Friday, August 5, 2016

(dance... devil)

​I have a confession to make.
Suicide Squad hits theaters this weekend and I will not be among the hundreds of movie-goers sweltering in lines for their first peek at the latest DC franchise.
it's very simple. the main reason I will not be supporting the movie with my money is the main reason most people I've talked to are looking forward to the movie...otherwise known as Harley Quinn and the Joker.
Why, you ask?
Well see, I kind of have this thing where I'd rather not give my money to perpetuate stories about abusive psychopaths preying on the women who love them.
Now, before you jump on my case, vehemently protesting that 'it's just fiction! everyone recognizes that, and no one actually thinks their relationship is goals!', do us both a favor and look up 'Joker and Harley memes'.
Still don't believe me? here. take a look at some of the results.
meme

um...excuse me...perhaps i didn't catch that....the JOKER and HARLEY as relationship goals? the only way those two ought to go together in a sentence is as relationship goals of what to be avoided at all costs

abuse

.....I don't care who you are, if the man you love backhands you across the face, then he doesn't love you.
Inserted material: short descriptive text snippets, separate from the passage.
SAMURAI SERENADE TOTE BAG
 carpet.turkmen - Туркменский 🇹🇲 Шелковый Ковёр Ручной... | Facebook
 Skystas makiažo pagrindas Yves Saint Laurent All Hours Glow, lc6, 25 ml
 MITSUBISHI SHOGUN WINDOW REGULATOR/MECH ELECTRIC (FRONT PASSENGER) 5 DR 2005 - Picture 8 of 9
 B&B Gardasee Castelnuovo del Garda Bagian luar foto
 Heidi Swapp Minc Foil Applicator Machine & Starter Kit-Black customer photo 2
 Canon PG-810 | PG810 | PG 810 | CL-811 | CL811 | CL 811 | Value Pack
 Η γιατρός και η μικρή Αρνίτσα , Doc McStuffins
This isn't romance. This is abuse. 

abuse harley
..okay, this actually makes me sick....I could go on citing examples... but at this point it would just nauseate me further, and I think you get my drift. At least, I hope so. 
And my goal here is not to condemn anyone who watches Suicide Squad. But the difficulty with portraying relationships like Harley and the Joker's as a love story, is that it teaches young people that dysfunctional abusive relationships are love.
See, somehow we are being taught as a society, through media and books, that "screw Romeo and Juliet...the true love stories are the Joker and Harley...Christine and the Phantom....Gideon and Ana....Bella and Edward", which simultaneously breaks my heart and terrifies me. 
Have we become blind to the point of failing to recognize abuse when it's staring us right in the face? Or, even worse, justifying it under the banner of love? 
After all, Harley's famous quote?: 'He's a little rough sometimes, but he loves me...really!'.....How can we not see the enormous damage that this phrase, with its justification of abuse, does to women in abusive relationships? I can't count the number of times I've heard abuse rationalized with that phrase, or some variation of it.. I can't count the number of times I've rationalized abuse with that phrase, or some variation of it.
'he really isn't all that bad' / 'he loves me, he just has anger issues'.
'that's just the way he is..he's been hurt in the past, so it isn't really his fault he's the way he is. it's the fault of those who have hurt him'.
But no. love and dysfunction aren't equivalent. If you truly love someone, you will want what is best for them. You will want what is good and right and true and healthy to be in their lives. You do not manipulate the ones you love. You do not abuse them. And you never ever ever hit the woman you claim you love.
Love is not abuse. Love is not controlling and manipulative and distrustful. Love is not destructive. Love will not beat you and leave you in a corner. Love is not perverted. Love is not a backhand across the face while he's drunk or death threats in a fit of rage.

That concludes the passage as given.